Errata: In some cases, there are duplicate entries for certain autotags. We suggest to stick to the higher value in this case. The relevant photoids are: [2122571487,2120710600,2118579816,2132046377,2140310774,2120231414,2091791454,2132653214,2100459728,2095260440,2084662654,2114095680,2137130224,2132488211,2201856950,2109731049,2107839134,2080254977,2123082193,152095622,2149273632,2122570887,2103042115,2120091082,2119282617,2103985017,2139791601,2109730863,2096455518,152127540,2131087079,2132648718,2123346778,2130744902,2107612480].
About half of the photos and videos in the YFCC100M are associated with a geographic coordinate, which were either automatically assigned by a GPS chip embedded in or connected to the camera, or manually assigned by a user. Yahoo’s reverse geocoding service was used to translate each coordinate to human-readable place names (e.g. the coordinate -81.804885, 24.550558 was converted to Duval Street, Key West, Monroe County, FL 33040, United States). These reverse geocodes constitute the places expansion pack. Depending on the accuracy parameter (provided by the YFCC100M metadata) related to the coordinates (longitude, latitude), those estimates can be very accurate or rather off. In 48469829 cases, the coordinates were provided.

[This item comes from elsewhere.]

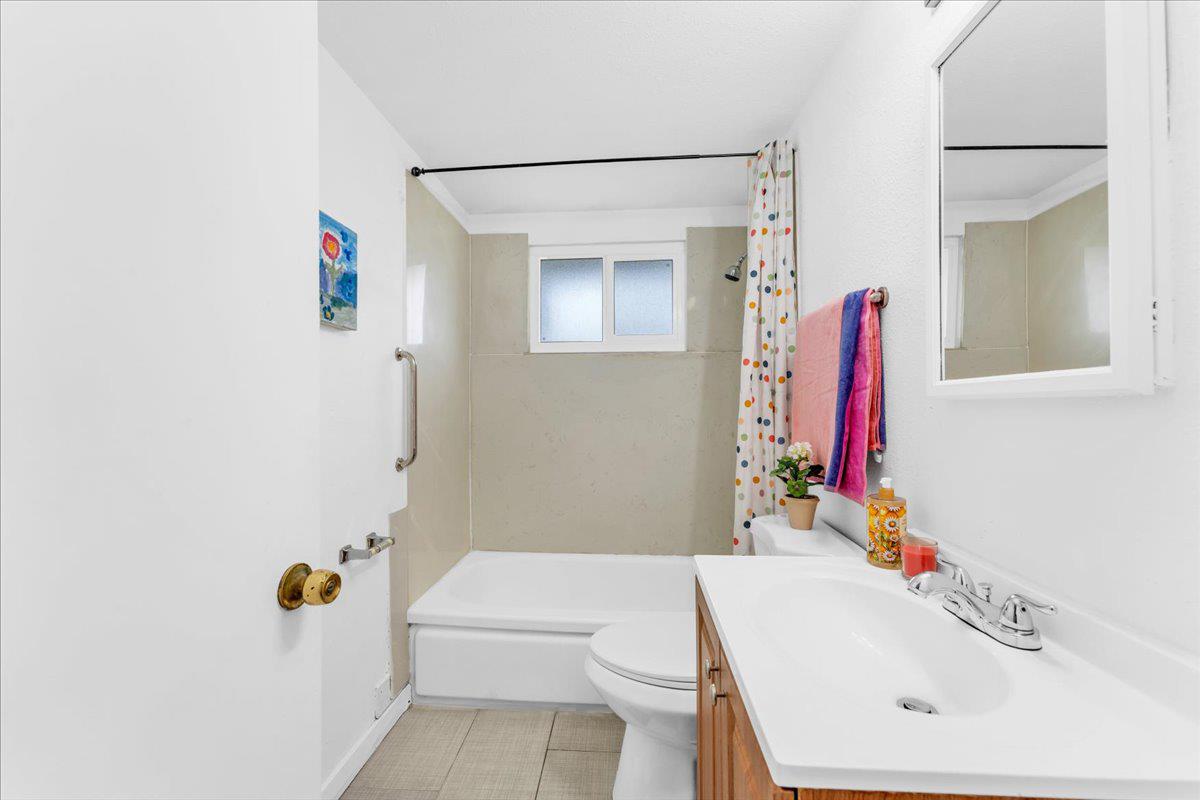 27837 Ormond Avenue Hayward, CA 94544 - Photo 17 of 26 a bathroom with a sink vanity mirror and toilet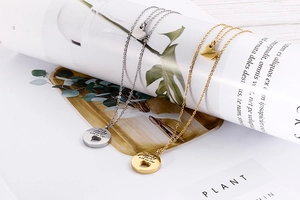 Detail of silver and gold heart necklaces engraved with Every journey starts with one step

File Format: The reverse geocodes are stored in a single Bzip2-compressed file named
yfcc100m_places.bz2. The file contains a line for each of the photos and videos in the YFCC100M, which are listed in exactly the same order as in the dataset. Each line begins with the photo or video identifier and, separated by a tab, is followed by a comma-separated set of places for that photo or video (if any). Each of the places includes its unique Where-On-Earth IDentifier, its name, and its type, separated by colons (e.g. 91476962:Lettershea:Town). As the original place names are written in their local character sets, they are URL-encoded in the expansion pack to make it easier to be processed by computer programs. If a photo or video was not associated with a geographic coordinate or it could not be reverse geocoded (e.g. it was taken in international airspace or international waters), the photo or video identifier will still be present in the file, but its set of places will be empty.
When a photo is captured, the camera usually embeds metadata into the image data. This so-called Exif metadata contains information about the camera used, what the aperture size was at time of capture, whether the flash was used, etc. When a user uploads a photo to Flickr, the original file is maintained (including the Exif) but several versions of varying sizes are created and used for display purposes. Flickr removes this metadata from these additional versions, so it needs to store less data and so it can serve them quicker. The exif expansion pack was created to make the Exif metadata readily available to those who like to use it.
File Format: The Exif metadata is stored in a single Bzip2-compressed file named
yfcc100m_exif.bz2. The file contains a line for each of the photos and videos in the YFCC100M, which are listed in exactly the same order as in the dataset. Each line begins with the photo or video identifier and, separated by a tab, is followed by a comma-separated set of colon-separated key-value pairs for that photo or video (if any). The key itself consists of two period-separated parts, namely an Exif category and an Exif tag (e.g. Exif+SubIFD.Focal+Length:50.0+mm). Since some categories, tags, and values can contain free-form text, they are all URL-encoded. If no Exif metadata was available for a photo or video, its identifier will still be present in the file, but the set of key-value pairs will be empty.